Response Predicts Quality of Life
An early study addressed the quality of life of women with metastatic breast cancer using a linear analogue self-assessment scale. This study compared the quality of life of women with metastatic breast cancer randomized to receive hormonal therapy versus combination chemotherapy with cyclophosphamide (Cytoxan, Neosar), doxorubicin (Adriamycin), 5-fluorouracil (5-FU) and vincristine (Oncovin). A total of 25 parameters of quality of life were measured, and, as expected, patients receiving cytotoxic therapy experienced more alopecia, nausea, vomiting, and constipation than those treated with hormonal maneuvers. However, there was a trend toward improved well-being in patients receiving cytotoxic therapy that became statistically significant by week 11 of therapy. This study was initiated prior to the availability of reliable hormone receptor determinations that would have selected a cohort of women who are likely to respond to hormonal therapy (Table 2). Thus, the objective response rate was higher in the cytotoxic therapy group. The improved well-being with cytotoxic therapy was related to the achievement of an objective response. Thus, achievement of an objective response appears to be a strong predictor of quality of life despite the acute toxicity of cytotoxic therapy.

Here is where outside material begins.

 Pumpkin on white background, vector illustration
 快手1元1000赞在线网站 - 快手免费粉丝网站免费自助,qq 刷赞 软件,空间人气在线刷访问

A trial in women with metastatic breast cancer compared treatment with continuous versus intermittent CMF plus prednisone or doxorubicin plus cyclophosphamide chemotherapy. Patients in the continuous arm received chemotherapy until progression of disease, while those in the intermittent arm received three cycles of chemotherapy and then received additional chemotherapy only at the time of progression. Continuous chemotherapy was associated with higher rates of response and superior time to progression. There was a trend toward superior survival with continuous treatment. Surprisingly, both patient and physician assessments of patient quality of life were superior for those patients receiving continuous therapy. This confirms findings from the earlier study of Baum et al that response is associated with improved quality of life.

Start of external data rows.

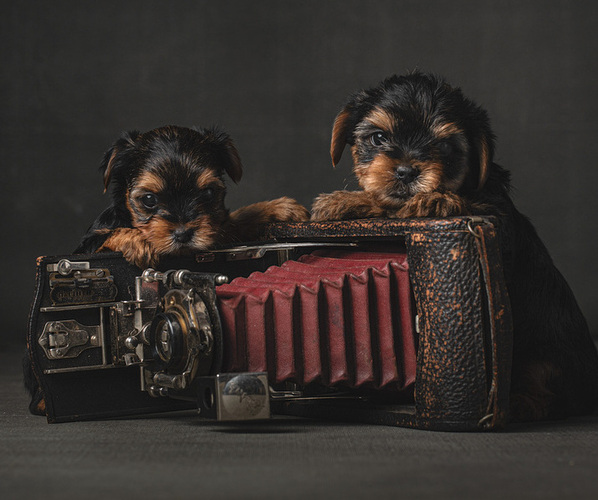 Medium Photo #1  Breeder Profile in FUQUAY VARINA, NC, USA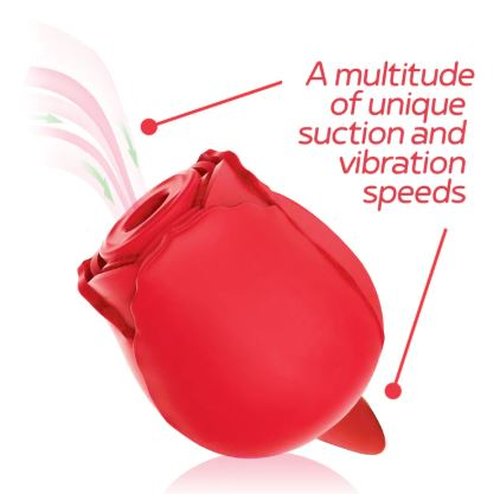 WILD ROSE & TOUNGE RECHARGEABLE - IB1701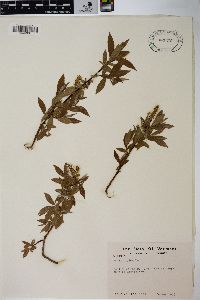 Salix rigida image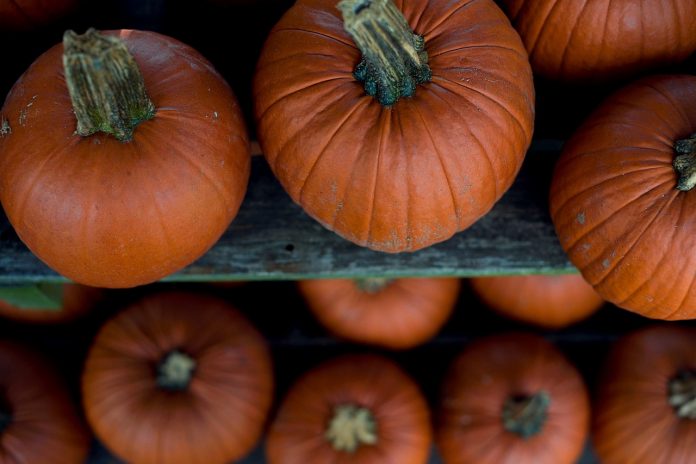 pie pumpkins pie pumpkins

Another trial incorporating a quality-of-life assessment compared two dose levels of CMF in patients with metastatic breast cancer. Higher dose CMF compared with lower dose CMF was associated with improved rates of response, improved median survival, and more vomiting, myelosuppression, conjunctivitis, and alopecia. The quality of life assessment demonstrated similar scores for both the higher and lower dose CMF regimens, although most scores favored the higher dose regimen. Thus, the higher dose CMF regimen appeared to produce superior palliation compared with the lower dose CMF regimen.